Échec et mat aux soucis triviaux de l’existence

«Le Jeu de la dame», la géniale mini-série Netflix, a remis les échecs à la mode. ©Phil Bray/Netflix

Surfant sur la mode des échecs, Denis Grozdanovitch campe avec une cocasserie enjouée la micro-société de son club, Étoile Échecs. Succulente galerie de portraits dans "La vie rêvée du joueur d’échecs".

Au jeu des premières phrases aussi masquées qu’une ouverture est-indienne, Denis Grozdanovitch se pose en maître: «Il fut un temps où je dus subir une sérieuse dépendance au jeu d’échecs». Les tueurs de temps, ainsi que les appelait Restif de La Bretonne, sont animés d’une «tenace nostalgie pour l’insouciance enfantine».

Roman

«La vie rêvée du joueur d’échecs»
Denis Grozdanovitch

Grasset, 199 p., 19 euros

Note de L'Echo: 5/5

«Le Livre du rire et de l’oubli» d’un Kundera aurait pu être l’histoire d’un joueur d’échecs: ces poupées que sont les pièces du jeu recèlent l’infini d’une prodigieuse faculté d’oubli de soi. Dans «Les deux rois et les deux labyrinthes», de Borgès, un roi de Babylone égare un roi arabe dans son labyrinthe; l’autre se venge et le perd dans le désert. Dans le «Joueur d’échecs» de Zweig, le champion du monde affronte un aristocrate qui n’a joué que seul dans sa cellule.

La galaxie échiquéenne n’obéit pas à la hiérarchie géopolitique: la Yougoslavie des années 60 se targuait du niveau le plus élevé du monde. Désormais, les 64 cases investissent le virtuel. Vishwanathan Anand, champion du monde 2000, 16e au classement international, souligne que le confinement a attiré «plus de 13 millions d’adeptes en ligne». Quant au «Jeu de la dame», mini-série Netflix adaptée du roman de Walter Tevis, inspiré de l’histoire de Bobby Fischer, elle cristallise cette vague. Comme Fischer à Reykjavik en 1972 face à un Spassky adoubé par le Politburo, Beth Harmon, orpheline du Kentucky, bat les Russes à leur propre jeu.

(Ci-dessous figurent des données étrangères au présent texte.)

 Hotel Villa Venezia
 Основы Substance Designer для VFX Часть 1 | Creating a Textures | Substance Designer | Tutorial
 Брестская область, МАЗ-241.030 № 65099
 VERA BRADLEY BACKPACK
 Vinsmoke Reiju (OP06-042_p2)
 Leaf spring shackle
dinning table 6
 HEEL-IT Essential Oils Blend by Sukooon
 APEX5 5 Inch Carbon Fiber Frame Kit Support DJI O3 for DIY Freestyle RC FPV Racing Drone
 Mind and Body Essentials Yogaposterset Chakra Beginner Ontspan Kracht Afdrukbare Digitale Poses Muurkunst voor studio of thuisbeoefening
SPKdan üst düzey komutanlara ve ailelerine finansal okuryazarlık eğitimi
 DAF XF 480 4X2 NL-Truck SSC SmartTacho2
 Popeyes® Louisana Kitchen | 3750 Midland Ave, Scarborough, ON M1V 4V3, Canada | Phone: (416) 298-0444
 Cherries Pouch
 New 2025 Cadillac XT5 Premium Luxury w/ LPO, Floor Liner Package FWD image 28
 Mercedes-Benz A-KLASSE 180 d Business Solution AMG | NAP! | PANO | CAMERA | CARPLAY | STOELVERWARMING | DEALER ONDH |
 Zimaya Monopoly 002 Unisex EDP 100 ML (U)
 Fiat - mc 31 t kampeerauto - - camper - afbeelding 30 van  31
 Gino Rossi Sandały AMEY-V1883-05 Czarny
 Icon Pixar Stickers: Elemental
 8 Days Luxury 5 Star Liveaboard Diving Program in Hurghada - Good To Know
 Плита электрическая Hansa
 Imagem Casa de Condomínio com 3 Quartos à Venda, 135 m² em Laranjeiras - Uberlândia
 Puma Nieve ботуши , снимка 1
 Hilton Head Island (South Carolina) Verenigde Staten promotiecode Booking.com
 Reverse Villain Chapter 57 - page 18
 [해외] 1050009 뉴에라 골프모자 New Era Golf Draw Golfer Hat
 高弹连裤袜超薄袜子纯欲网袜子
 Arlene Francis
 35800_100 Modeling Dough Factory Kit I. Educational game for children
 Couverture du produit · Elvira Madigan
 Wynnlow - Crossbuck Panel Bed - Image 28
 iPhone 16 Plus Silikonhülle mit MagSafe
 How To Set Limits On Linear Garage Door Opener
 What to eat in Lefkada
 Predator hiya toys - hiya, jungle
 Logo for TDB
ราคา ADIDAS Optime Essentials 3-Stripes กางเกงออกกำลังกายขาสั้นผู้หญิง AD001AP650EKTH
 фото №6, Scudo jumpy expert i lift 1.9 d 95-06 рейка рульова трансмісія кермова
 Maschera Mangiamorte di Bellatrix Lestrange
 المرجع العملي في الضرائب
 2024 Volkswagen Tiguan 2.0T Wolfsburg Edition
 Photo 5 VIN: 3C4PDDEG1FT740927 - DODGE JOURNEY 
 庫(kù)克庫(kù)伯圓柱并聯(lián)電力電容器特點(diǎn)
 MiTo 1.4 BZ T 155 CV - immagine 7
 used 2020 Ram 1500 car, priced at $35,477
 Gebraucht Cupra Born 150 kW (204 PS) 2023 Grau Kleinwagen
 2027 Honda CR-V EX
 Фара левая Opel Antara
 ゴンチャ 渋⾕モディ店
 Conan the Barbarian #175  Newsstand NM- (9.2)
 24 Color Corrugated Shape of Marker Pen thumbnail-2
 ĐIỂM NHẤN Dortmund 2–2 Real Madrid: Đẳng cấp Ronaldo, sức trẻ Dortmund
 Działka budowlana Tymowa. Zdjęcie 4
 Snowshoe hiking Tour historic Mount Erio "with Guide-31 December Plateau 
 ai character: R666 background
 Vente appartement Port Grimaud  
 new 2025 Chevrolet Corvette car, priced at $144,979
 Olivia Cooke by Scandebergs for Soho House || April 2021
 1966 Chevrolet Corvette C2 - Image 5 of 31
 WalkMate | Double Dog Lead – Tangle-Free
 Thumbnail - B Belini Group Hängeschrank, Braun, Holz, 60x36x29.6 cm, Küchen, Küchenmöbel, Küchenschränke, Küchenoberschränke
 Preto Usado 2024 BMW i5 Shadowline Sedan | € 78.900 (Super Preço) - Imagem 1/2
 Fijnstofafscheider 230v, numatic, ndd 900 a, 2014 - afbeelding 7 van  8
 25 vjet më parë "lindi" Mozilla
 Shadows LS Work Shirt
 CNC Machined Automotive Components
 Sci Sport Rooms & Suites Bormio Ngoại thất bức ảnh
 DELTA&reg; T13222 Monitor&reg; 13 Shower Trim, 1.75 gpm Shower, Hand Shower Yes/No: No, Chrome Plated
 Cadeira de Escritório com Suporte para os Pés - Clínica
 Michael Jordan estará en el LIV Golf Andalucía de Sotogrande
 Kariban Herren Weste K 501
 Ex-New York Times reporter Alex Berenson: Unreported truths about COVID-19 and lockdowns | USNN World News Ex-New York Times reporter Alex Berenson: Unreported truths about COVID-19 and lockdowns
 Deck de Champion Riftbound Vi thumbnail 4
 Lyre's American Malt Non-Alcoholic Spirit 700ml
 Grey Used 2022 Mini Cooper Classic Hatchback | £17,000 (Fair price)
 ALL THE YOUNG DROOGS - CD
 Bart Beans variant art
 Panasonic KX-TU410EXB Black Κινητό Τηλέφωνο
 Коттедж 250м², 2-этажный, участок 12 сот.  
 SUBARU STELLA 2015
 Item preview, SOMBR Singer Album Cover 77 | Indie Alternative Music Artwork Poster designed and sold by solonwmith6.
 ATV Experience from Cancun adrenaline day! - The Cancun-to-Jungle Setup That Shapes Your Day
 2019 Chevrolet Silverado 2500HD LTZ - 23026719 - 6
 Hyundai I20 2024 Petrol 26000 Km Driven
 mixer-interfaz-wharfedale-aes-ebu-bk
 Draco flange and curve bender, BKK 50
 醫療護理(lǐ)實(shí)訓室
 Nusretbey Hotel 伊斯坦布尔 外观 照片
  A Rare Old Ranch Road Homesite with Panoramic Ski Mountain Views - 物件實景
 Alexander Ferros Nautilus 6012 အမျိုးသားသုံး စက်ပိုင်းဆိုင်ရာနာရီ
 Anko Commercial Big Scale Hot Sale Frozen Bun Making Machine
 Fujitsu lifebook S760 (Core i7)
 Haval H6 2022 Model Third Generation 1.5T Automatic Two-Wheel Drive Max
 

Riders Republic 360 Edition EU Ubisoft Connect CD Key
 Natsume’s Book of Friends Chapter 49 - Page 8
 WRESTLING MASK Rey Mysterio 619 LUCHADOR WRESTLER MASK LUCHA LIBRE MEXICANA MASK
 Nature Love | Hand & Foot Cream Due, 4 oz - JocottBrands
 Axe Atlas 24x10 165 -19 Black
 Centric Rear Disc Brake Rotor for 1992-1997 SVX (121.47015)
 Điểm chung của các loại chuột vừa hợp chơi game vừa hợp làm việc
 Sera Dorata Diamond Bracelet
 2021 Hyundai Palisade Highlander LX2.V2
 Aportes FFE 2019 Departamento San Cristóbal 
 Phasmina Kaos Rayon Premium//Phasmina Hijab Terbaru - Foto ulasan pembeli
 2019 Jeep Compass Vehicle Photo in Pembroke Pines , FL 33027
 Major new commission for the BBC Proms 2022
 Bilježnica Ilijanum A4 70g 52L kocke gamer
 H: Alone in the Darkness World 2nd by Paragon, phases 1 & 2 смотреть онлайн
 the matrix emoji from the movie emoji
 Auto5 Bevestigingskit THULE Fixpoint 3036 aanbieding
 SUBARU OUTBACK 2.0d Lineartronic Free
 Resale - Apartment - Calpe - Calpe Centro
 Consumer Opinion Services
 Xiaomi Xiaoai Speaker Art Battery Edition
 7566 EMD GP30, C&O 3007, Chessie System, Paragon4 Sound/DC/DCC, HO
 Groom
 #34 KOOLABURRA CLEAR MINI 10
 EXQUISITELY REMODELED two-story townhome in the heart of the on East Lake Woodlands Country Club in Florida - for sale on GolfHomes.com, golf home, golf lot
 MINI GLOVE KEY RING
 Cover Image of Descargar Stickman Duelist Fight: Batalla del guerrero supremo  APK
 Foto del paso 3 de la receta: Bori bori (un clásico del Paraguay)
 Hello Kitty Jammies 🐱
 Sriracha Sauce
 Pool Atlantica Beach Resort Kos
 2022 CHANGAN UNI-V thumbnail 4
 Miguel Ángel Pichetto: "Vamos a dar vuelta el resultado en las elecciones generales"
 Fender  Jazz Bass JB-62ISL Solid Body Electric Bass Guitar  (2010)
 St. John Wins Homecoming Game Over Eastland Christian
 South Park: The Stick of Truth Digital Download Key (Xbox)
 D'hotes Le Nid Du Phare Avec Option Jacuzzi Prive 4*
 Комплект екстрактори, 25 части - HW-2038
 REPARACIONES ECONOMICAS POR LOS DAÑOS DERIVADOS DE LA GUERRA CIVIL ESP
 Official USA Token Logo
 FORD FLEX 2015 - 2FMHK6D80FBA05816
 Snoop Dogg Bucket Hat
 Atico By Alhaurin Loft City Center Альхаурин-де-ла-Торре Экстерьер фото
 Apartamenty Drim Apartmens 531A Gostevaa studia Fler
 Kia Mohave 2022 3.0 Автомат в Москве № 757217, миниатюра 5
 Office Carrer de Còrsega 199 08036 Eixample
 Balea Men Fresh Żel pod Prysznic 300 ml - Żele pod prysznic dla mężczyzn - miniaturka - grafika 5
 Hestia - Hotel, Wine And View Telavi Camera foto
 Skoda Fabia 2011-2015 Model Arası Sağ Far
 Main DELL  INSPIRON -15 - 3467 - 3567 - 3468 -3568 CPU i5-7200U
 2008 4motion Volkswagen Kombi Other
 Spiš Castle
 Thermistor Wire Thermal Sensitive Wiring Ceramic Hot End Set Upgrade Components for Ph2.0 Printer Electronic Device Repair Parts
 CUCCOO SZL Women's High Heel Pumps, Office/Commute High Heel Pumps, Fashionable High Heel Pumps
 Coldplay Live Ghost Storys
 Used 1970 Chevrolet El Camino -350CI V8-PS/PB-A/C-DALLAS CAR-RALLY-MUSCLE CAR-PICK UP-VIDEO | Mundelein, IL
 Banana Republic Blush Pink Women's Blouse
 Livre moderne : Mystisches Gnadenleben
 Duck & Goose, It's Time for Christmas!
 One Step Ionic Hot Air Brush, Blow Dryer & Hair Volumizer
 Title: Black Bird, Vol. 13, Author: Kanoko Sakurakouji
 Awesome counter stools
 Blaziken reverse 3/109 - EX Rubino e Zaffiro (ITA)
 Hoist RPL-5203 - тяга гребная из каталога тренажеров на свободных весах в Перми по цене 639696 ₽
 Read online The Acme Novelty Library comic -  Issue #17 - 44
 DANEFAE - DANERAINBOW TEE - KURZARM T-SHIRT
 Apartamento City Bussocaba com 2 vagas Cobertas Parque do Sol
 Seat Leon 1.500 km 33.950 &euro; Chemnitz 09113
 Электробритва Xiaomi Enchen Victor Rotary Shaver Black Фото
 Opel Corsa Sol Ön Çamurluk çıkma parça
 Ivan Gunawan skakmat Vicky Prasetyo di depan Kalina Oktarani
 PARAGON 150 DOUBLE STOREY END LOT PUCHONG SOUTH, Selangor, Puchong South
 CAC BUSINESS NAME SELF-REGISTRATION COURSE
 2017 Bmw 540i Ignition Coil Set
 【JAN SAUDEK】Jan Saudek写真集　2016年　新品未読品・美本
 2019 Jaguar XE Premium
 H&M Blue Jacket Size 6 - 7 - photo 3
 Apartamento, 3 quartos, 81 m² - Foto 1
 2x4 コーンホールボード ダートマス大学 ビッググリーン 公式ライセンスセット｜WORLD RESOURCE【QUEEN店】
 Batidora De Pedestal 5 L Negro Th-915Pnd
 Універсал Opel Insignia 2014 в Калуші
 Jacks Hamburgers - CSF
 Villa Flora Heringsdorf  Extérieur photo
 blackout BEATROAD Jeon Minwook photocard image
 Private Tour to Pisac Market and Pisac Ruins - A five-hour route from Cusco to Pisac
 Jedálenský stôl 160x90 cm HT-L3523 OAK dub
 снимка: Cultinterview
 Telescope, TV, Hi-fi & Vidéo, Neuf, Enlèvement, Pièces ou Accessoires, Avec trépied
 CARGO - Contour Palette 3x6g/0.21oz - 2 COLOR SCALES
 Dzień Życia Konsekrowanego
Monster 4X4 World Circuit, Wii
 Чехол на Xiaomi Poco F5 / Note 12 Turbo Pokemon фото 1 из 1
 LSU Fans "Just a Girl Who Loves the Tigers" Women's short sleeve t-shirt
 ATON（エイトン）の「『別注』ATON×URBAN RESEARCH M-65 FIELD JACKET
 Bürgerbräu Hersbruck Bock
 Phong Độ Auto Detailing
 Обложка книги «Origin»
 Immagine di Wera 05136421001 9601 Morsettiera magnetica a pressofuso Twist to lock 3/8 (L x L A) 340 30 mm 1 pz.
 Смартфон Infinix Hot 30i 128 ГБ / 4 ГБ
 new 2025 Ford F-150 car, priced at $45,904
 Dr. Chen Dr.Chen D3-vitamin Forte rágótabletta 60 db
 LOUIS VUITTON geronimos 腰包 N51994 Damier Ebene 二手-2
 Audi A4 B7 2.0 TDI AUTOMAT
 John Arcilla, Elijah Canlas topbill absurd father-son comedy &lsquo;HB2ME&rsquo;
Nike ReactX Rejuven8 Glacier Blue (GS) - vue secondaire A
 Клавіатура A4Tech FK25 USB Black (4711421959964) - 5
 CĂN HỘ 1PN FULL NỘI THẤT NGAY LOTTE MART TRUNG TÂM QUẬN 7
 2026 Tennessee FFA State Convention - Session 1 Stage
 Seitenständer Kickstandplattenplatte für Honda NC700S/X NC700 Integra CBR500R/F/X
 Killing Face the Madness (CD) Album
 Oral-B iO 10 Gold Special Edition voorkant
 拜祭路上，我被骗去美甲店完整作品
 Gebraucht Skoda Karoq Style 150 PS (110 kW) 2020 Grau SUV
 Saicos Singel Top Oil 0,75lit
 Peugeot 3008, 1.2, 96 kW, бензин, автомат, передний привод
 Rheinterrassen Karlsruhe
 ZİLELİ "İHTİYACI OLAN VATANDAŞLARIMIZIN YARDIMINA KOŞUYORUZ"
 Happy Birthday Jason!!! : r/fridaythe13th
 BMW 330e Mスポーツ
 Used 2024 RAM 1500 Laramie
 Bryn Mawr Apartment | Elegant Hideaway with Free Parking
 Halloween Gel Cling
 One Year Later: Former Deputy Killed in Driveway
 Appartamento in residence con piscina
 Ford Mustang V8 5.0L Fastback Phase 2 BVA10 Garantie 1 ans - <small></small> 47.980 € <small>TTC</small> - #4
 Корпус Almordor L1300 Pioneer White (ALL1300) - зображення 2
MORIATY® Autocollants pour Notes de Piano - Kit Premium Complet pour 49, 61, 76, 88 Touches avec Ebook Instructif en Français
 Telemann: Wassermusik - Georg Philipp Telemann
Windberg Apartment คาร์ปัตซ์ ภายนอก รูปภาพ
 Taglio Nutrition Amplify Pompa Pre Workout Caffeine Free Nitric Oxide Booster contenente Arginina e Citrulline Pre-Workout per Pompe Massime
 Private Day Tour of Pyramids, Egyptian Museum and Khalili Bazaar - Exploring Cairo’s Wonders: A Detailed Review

LE JEU DE LA DAME Bande Annonce VF (2020) Anya Taylor-Joy

Denis Grozdanovitch campe avec une cocasserie enjouée la micro-société de son club, Étoile Échecs. Dans sa succulente galerie de portraits, Tony le turfiste côtoie le «simplet» qui accule un «monsieur de la haute» imbu de sa personne à une défaite qu’il maquille en feignant de s’étonner de sa veine.

Rester enfant en jouant

Notre maître-auteur émaille sa réflexion sur le «moi» du joueur d’échecs de figures issues de la langue yiddish: «Tout joueur d’échecs patenté sait ce qu’est un kibitzer», ce commentateur qui refuse de «se mettre lui-même en lice», et «se contente de faire régulièrement des commentaires sarcastiques et si possible désobligeants». Il y a aussi le besserwisser, surnom de ces talmudistes qui prétendaient tout savoir mieux que le commun des mortels.

L’autre jeu de prédilection de l’auteur, le tennis, sport tant cérébral que physique, est encore un moyen de rester enfant en jouant, et de gagner ainsi du temps.

L’autre jeu de prédilection de l’auteur, le tennis, sport tant cérébral que physique où deux joueurs évoluent aussi sur des cases et n’envahissent le terrain adverse que mentalement, est encore un moyen de rester enfant en jouant, et de gagner ainsi du temps.

Comme Andreï Makine dans son «Ami arménien» (>lire ici), Grozdanovitch est porté par les figurines de l’échiquiers tel Niels Holgersson «sur le dos de l’oie Akka, merveilleusement soulevé loin au-dessus des soucis triviaux de l’existence ordinaire». En nous conviant dans le dédale des émotions et sensations des 64 cases, il nous invite à monter en croupe. En effet, tel le phénix, le joueur défait, carbonisé par l’adversaire, renaît de son anéantissement: il lui suffit de redresser les pièces et d’entamer une nouvelle partie.